XXX v. State of Kerala and Ors. 

“Cognizance of an offence under Section 376B IPC can only be taken on a complaint by the wife as mandated by Section 198B CrPC, and since the Magistrate acted on a police report, the proceedings stood quashed.” 

Justice G. Girish 

Source: Kerala High Court 

Why in News?

Recently, Justice G. Girish quashed criminal proceedings against a man accused under Section 376B of the Indian Penal Code, 1860 (IPC) (sexual intercourse by husband during separation), holding that as per Section 198B CrPC, cognizance can only be taken on a complaint filed by the wife and not on a police report. The Court found the Magistrate had acted contrary to this legal mandate. 

  • The Kerala High Court held this in the matter of XXX v. State of Kerala and Ors.(2025).  

What was the Background of XXX v.

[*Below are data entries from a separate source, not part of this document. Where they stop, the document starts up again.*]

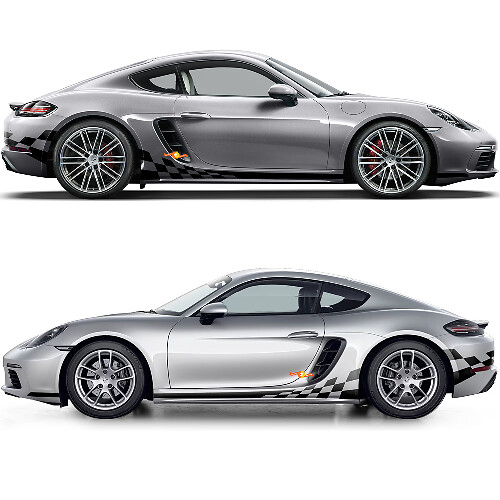 Calcomanía de franjas laterales con bandera a cuadros para el panel de estribo del Porsche 718 Cayman 1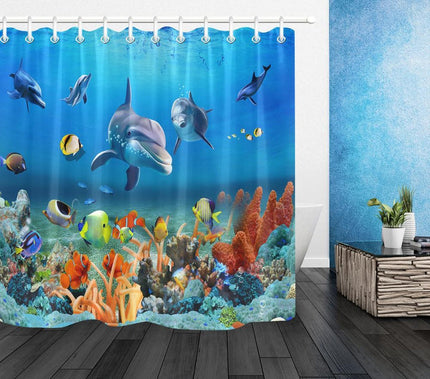 Duschdraperi med marina djur motiv
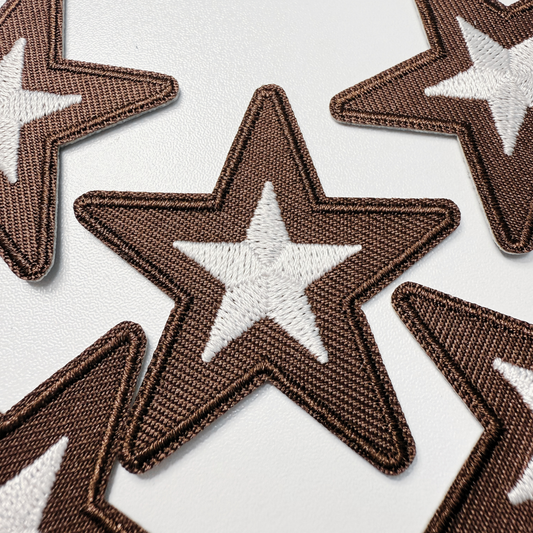 2" Star in Brown -  Embroidered Hat Patch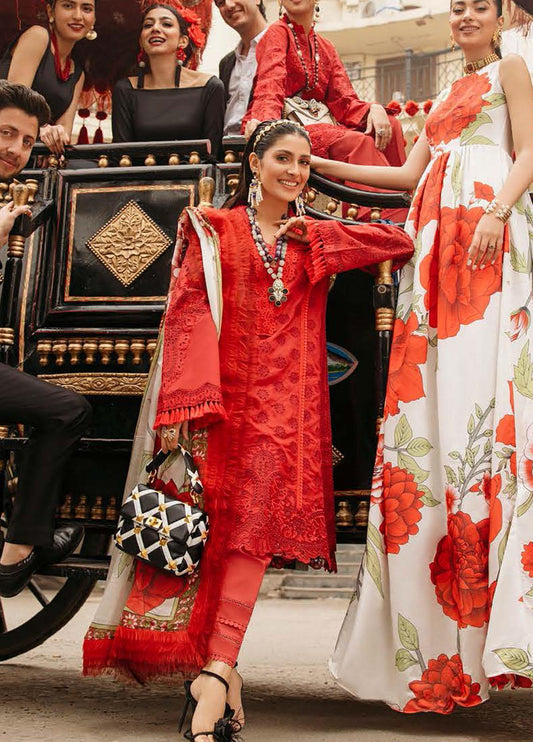 MUSHQ RED LUXURY LAWN CHIKENKARI EMBROIDERED DRESS
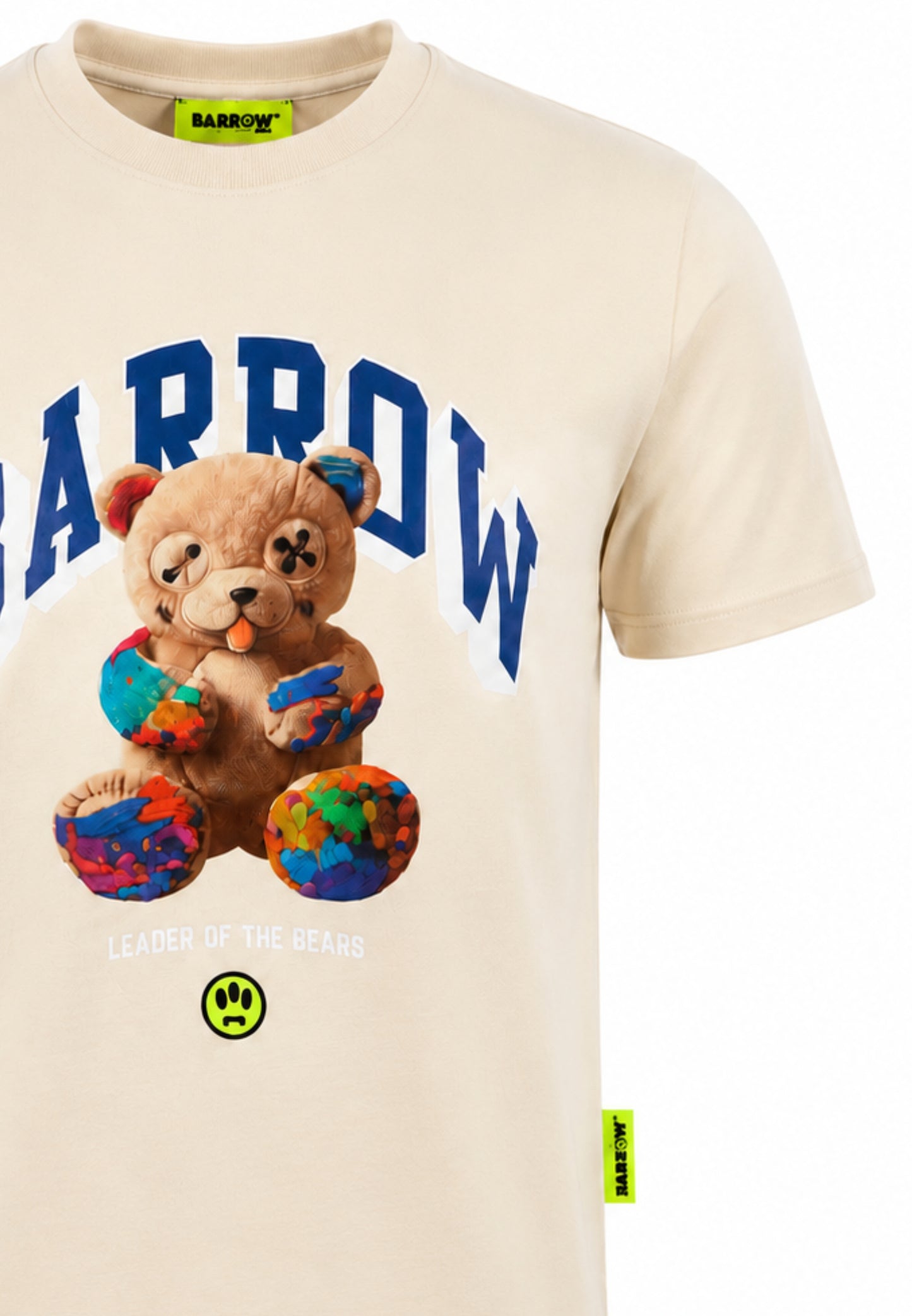 BARROW T SHIRT PANNA A MEZZE MANICHE CON STAMPA ORSO Bambini e ragazzi F6BKJUTH027.PANNA_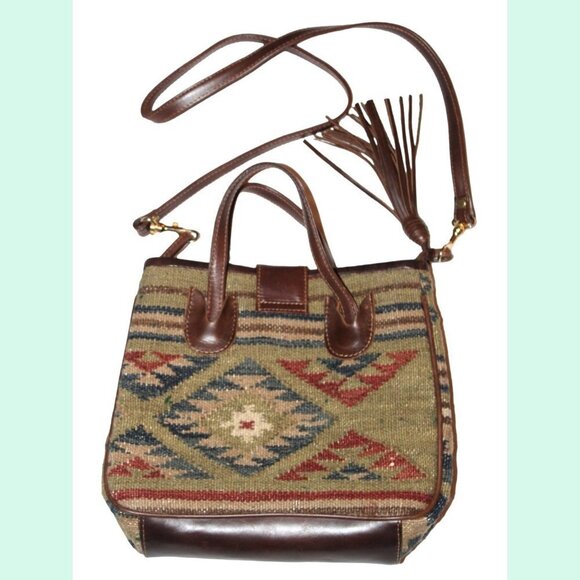 Handbags - Woven Tapestry wool & leather shoulder bag Aztec print Southwest Crossbody purse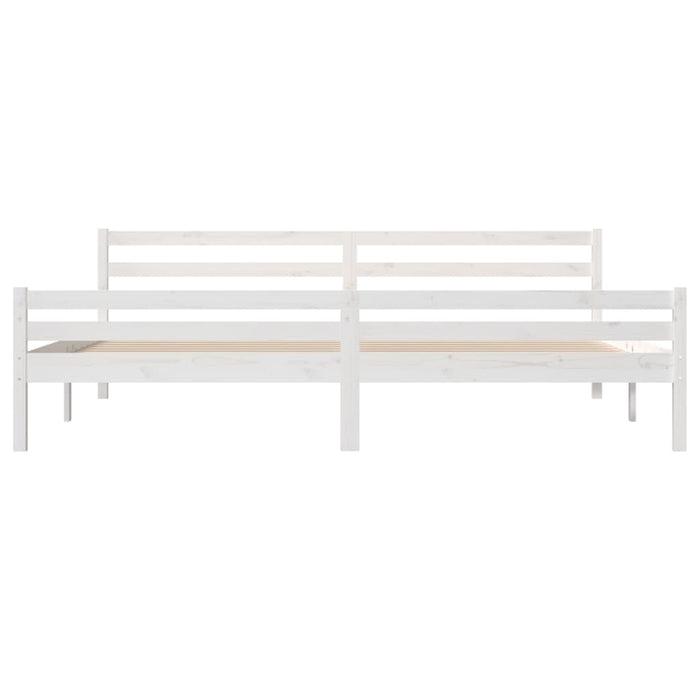 Bed Frame without Mattress White Solid Wood 180x200 cm Super King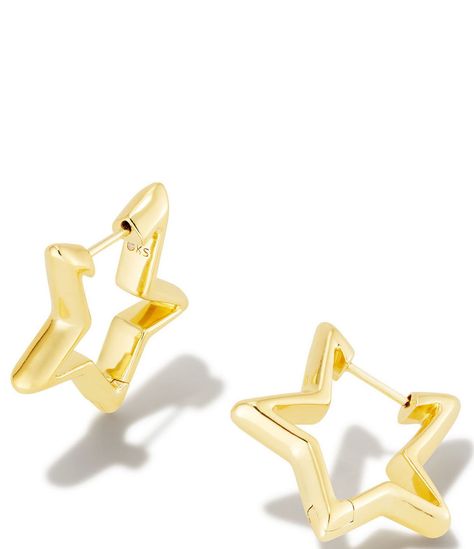 From Kendra Scott, these earrings feature:Hoop earrings14K gold-plated or rhodium-plated brassPost closureApprox. 0.88" L x 0.87" WImported. Kendra Scott Star Earrings, Cute Earrings Hoops Gold, Kendra Scott Earrings Aesthetic, Hoco Gold Jewelry, Popular Items 2024, Shark Earings, Pretty Jewellery Earrings, Cute Jewelry Aesthetic, Kendra Scott Rings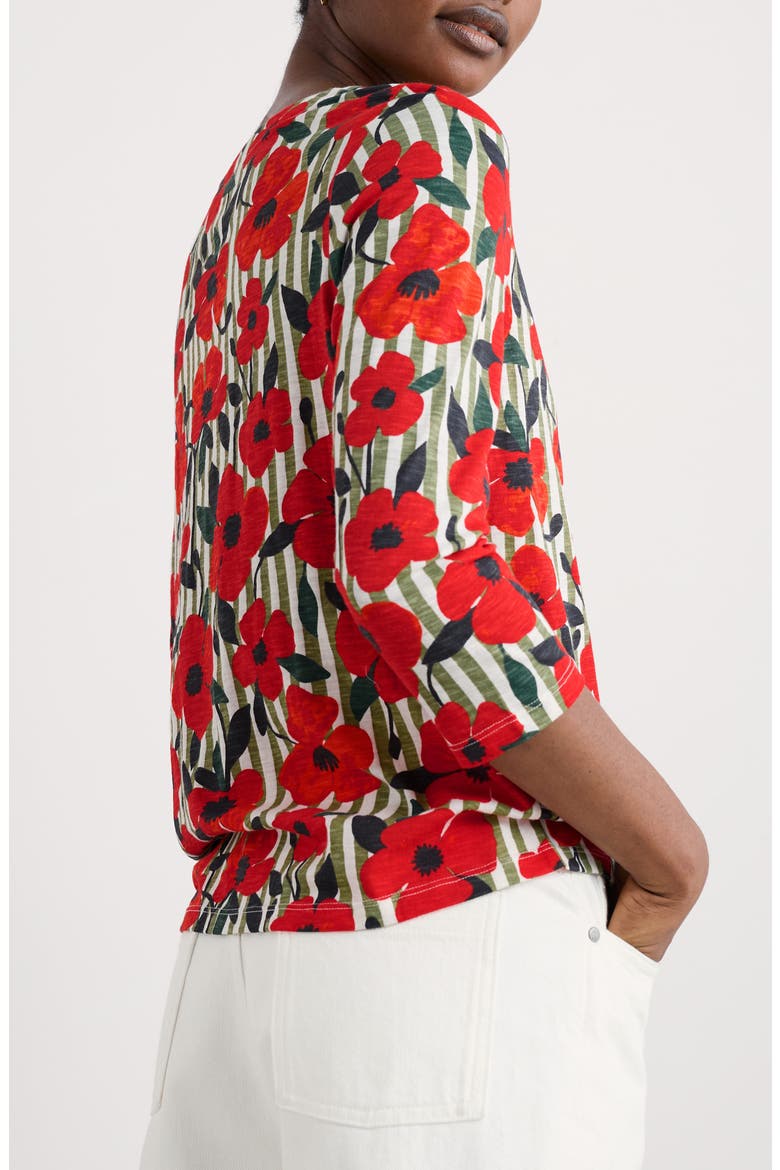 Studio Glass Organic Cotton Button-Up Top, Alternate, color, STRIPEY FLORAL MOSS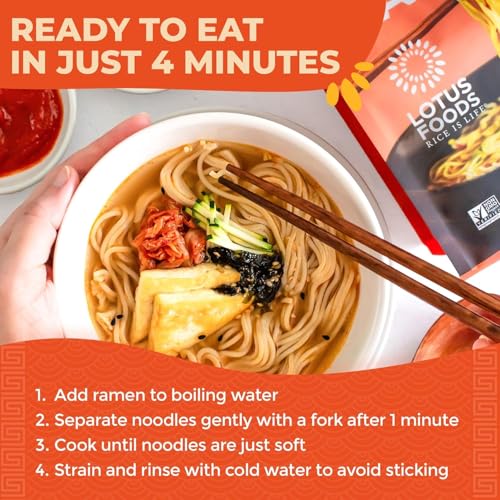 Lotus Foods Organic Millet & Brown Rice Ramen - 10 Oz Bags (Pack of 6) | Gluten Free Rice Ramen, Whole Grain Ramen Noodles, Low Sodium Rice Noodles, USDA Organic, Vegan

State of Kerala and Ors. (2025) Case? 

  • The petitioner and de facto complainant were legally married under personal law. 
  • The petitioner pronounced talaq upon the de facto complainant and communicated the same to the Juma Masjid Committee on 02.11.2016. 
  • Following the talaq pronouncement, the parties were living under separation, though the divorce had not yet come into legal effect as per personal law requirements. 
  • The de facto complainant had filed a domestic violence complaint before the Judicial First Class Magistrate Court, Malappuram. 
  • By virtue of the Magistrate's order in the domestic violence proceedings, the de facto complainant was permitted to reside in the same house as the petitioner. 
  • On 16.12.2016, while the parties were living under separation but still legally married, the petitioner allegedly committed sexual intercourse against the consent of the de facto complainant. 
  • Subsequently, on 25.12.2016, the petitioner allegedly expelled the de facto complainant from the matrimonial house in violation of the Magistrate's order. 
  • The Malappuram Police registered Crime No. 763/2016 covering both incidents in a single FIR. 
  • The petitioner was charged with offences under Section 376B of the Indian Penal Code (sexual intercourse by husband upon his wife during separation) and Section 31(1) of the Protection of Women from Domestic Violence Act (penalty for breach of protection order). 
  • The Magistrate took cognizance of both offences based on the final report submitted by the police. 
  • The case was committed to the Fast Track Special Court, Manjeri as S.C No. 826/2017. 
  • The petitioner challenged the proceedings by filing a petition under Article 227 of the Constitution of India before the Kerala High Court.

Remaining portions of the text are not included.